Universal Discourse
Project factsheet
English name: |
Universal Discourse: a multilingual model of discourse relations |
Polish name: |
Universal Discourse: wielojęzyczny model relacji dyskursywnych |
Funding: |
Polish National Science Centre |
Grant number: |
2023/50/A/HS2/00559 |
Duration: |
28 November 2024 – 27 November 2028 |
Project desrciption
The project intends to create a unified description of discourse relations (at the level of discourse markers, relation arguments and types) in the multilingual setting by harmonizing current corpus-based discourse representation models. In turn, the computational properties of the newly created description will be verified by creating prototypes of a multilingual discourse parser, fine-tuned on existing large language models with the harmonized dataset.

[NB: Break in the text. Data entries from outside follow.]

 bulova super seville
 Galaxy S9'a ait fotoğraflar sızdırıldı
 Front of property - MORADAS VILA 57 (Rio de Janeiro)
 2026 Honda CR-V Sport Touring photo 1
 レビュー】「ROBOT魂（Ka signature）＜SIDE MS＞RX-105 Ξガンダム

The first phase of the proposed research will be the development of a multilingual ontology of discourse relations modelled after ISO 24617-8 standard and containing usage examples excerpted from existing discourse corpora and literature. Speakers of at least 10 European languages with linguistic backgrounds will be consulted to maintain sufficient coverage of constructs.

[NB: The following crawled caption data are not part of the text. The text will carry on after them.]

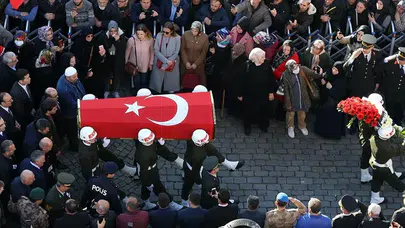 F-16 düşüşü sonrası Balıkesir’de hayat durdu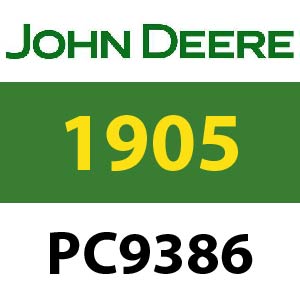 John Deere 1905 - PC9386
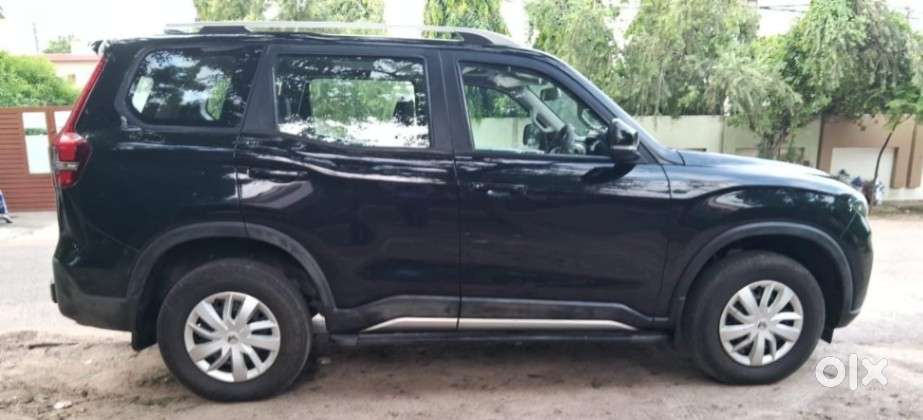 Mahindra Scorpio-n 2.2 Z6 Diesel Mt 7 Str, 2024, Diesel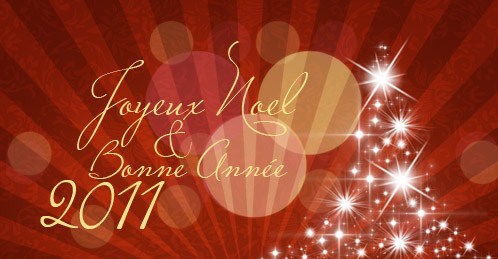 Voeux 2011 Voeux 2011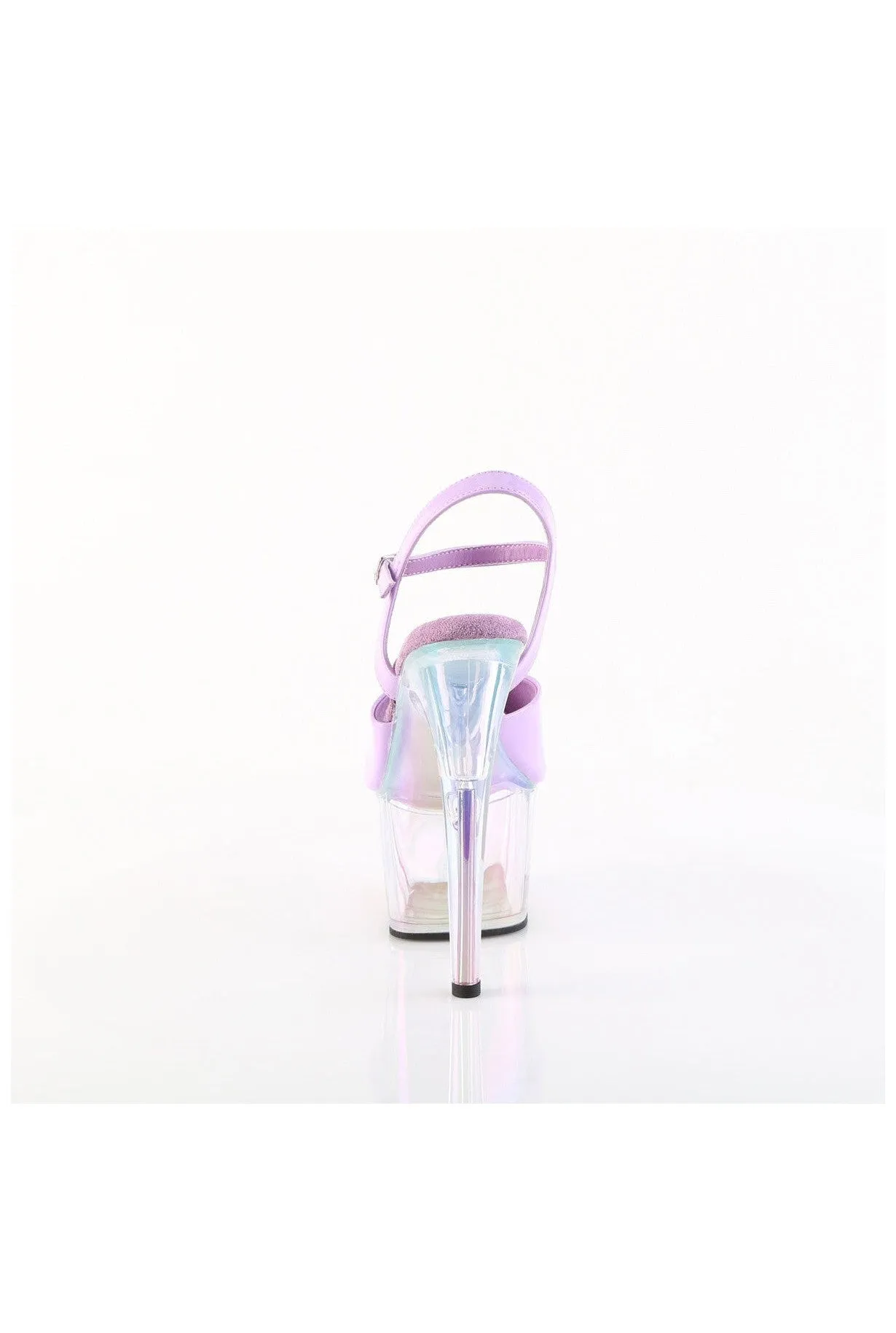 SS-ADORE-709HT Purple Patent Sandal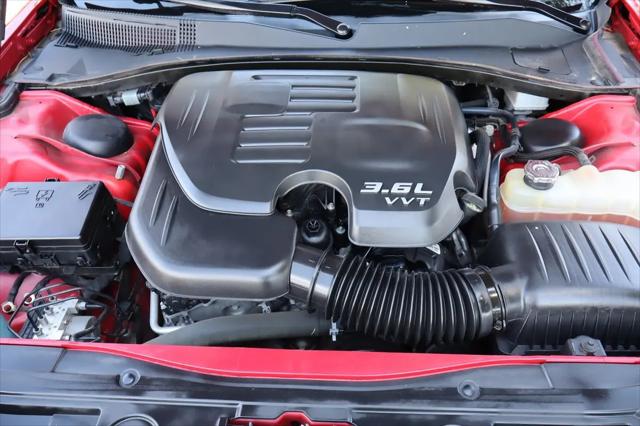 2018 Chrysler 300 300S AWD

The ontology will be used to create annotation instructions for human annotators to carry out the phase of corpus harmonization. In this step, a set of existing corpora following various discourse representation theories will be reannotated to provide a harmonized cross-lingual dataset for further analyses and computational work. The harmonization will be carried out manually by proficient users of corresponding languages with a strong linguistic foundation.
The data will be then used to create prototypes of multilingual discourse parsers focusing on two main sub-tasks: identification of discourse relation realization types and the sense classification of explicit and implicit relations. The prototypes will be implemented by fine-tuning existing large language models with newly produced data and will be evaluated quantitatively and qualitatively.
In the final step, the project results will be disseminated. The ontology of discourse relations will be integrated into one of the ontological repositories. The resulting datasets will be made available in a common search interface. The dataset and model will be used as input for a comparative study and as training data for the shared task on multilingual discourse parsing planned to be co-located with one of the major natural language processing conferences with the prototype of the discourse parser used as a baseline. The evaluation methodology of the shared task will use the methods proposed by the project.
Project findings will be published in the form of a monograph. All data, parser prototypes and publications will be open source and will be made available on a CC-BY (Creative Commons Attribution) license in publicly available code and data repositories.